◆ ACTIVITY: Through the line with "Winter Thick Plush" and starting from the first line, return the records below word for word, with pictures left out.

(Short web captions)
[Start of section]
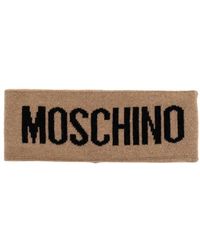 Moschino - Accessoires ,Bruin ,Wol Hoofdband Met Logo - Lyst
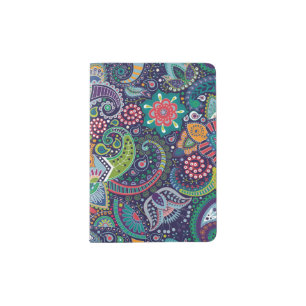 Neon Multicolor floral Paisley pattern Passport Holder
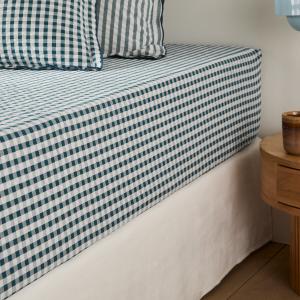 Sábana ajustable de algodón seersucker 30 cm, Cottage azul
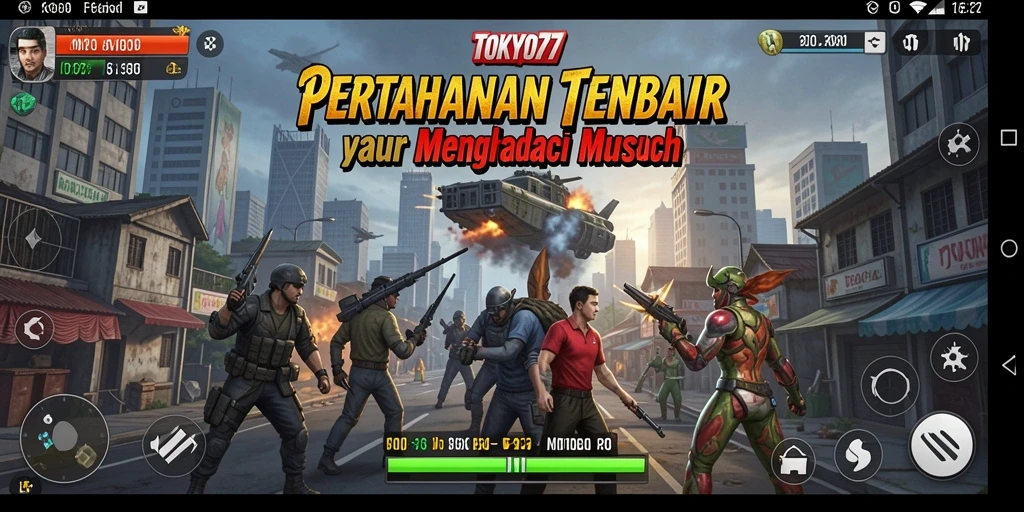 Tampilan gameplay menawan dari TOKYO77 dalam mode Tower Defense.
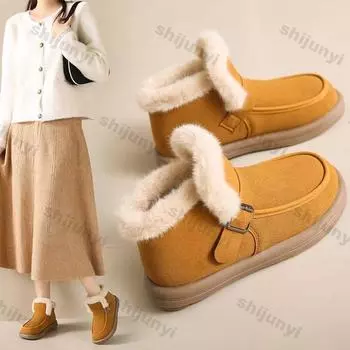 Winter Thick Plush Warm Snow Boots for Women Casual Warm Thick Bottom Cotton Shoes Woman Fashion Faux Suede Platform Ankle Boots 36 темно-коричневого
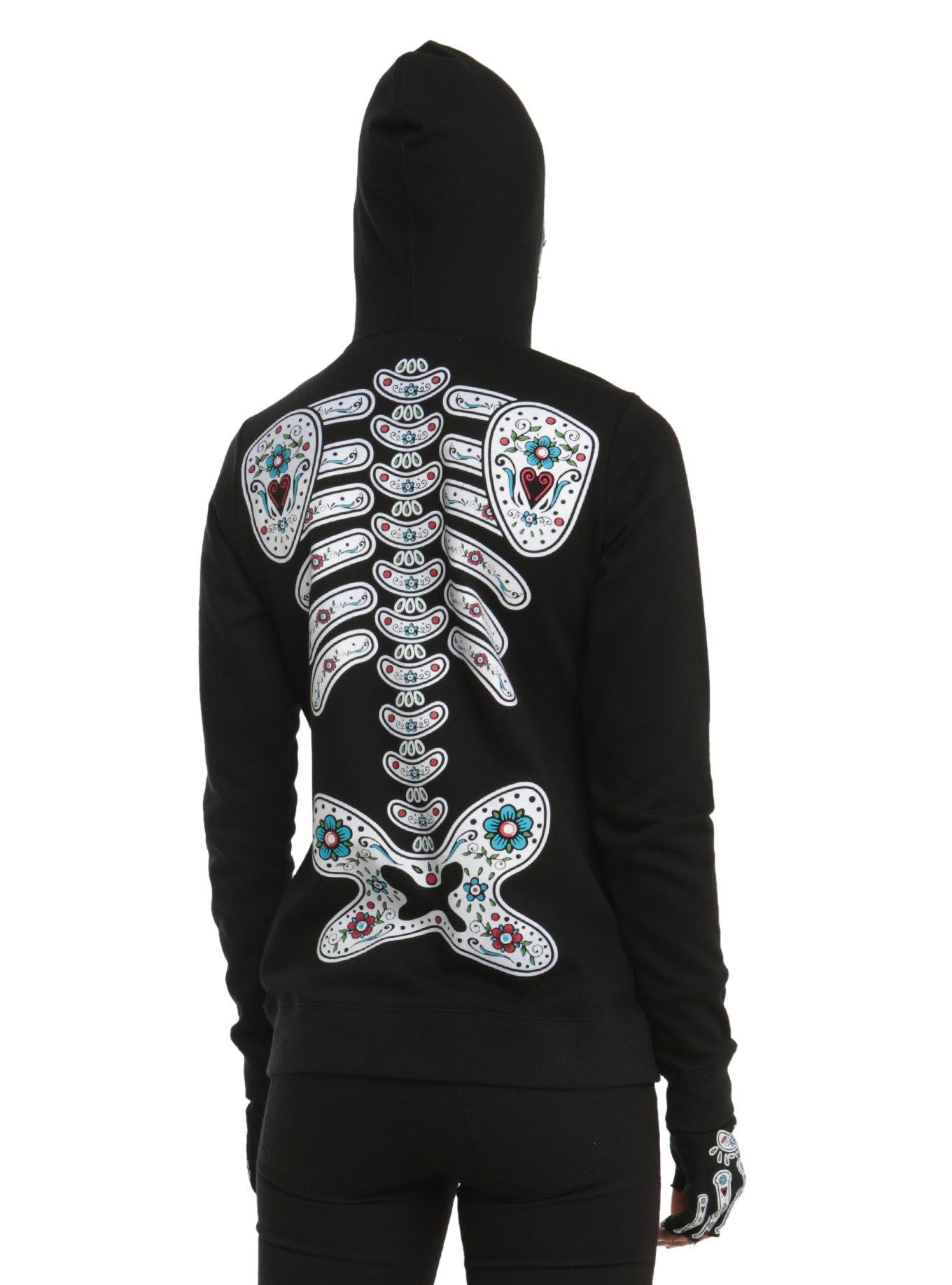 Glow-In-The-Dark Sugar Skull Girls Full Zip Hoodie, , alternate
[End of section]
◆ RESULT:
 Moschino - Accessoires ,Bruin ,Wol Hoofdband Met Logo - Lyst
 Neon Multicolor floral Paisley pattern Passport Holder
 Sábana ajustable de algodón seersucker 30 cm, Cottage azul
 Tampilan gameplay menawan dari TOKYO77 dalam mode Tower Defense.
 Winter Thick Plush Warm Snow Boots for Women Casual Warm Thick Bottom Cotton Shoes Woman Fashion Faux Suede Platform Ankle Boots 36 темно-коричневого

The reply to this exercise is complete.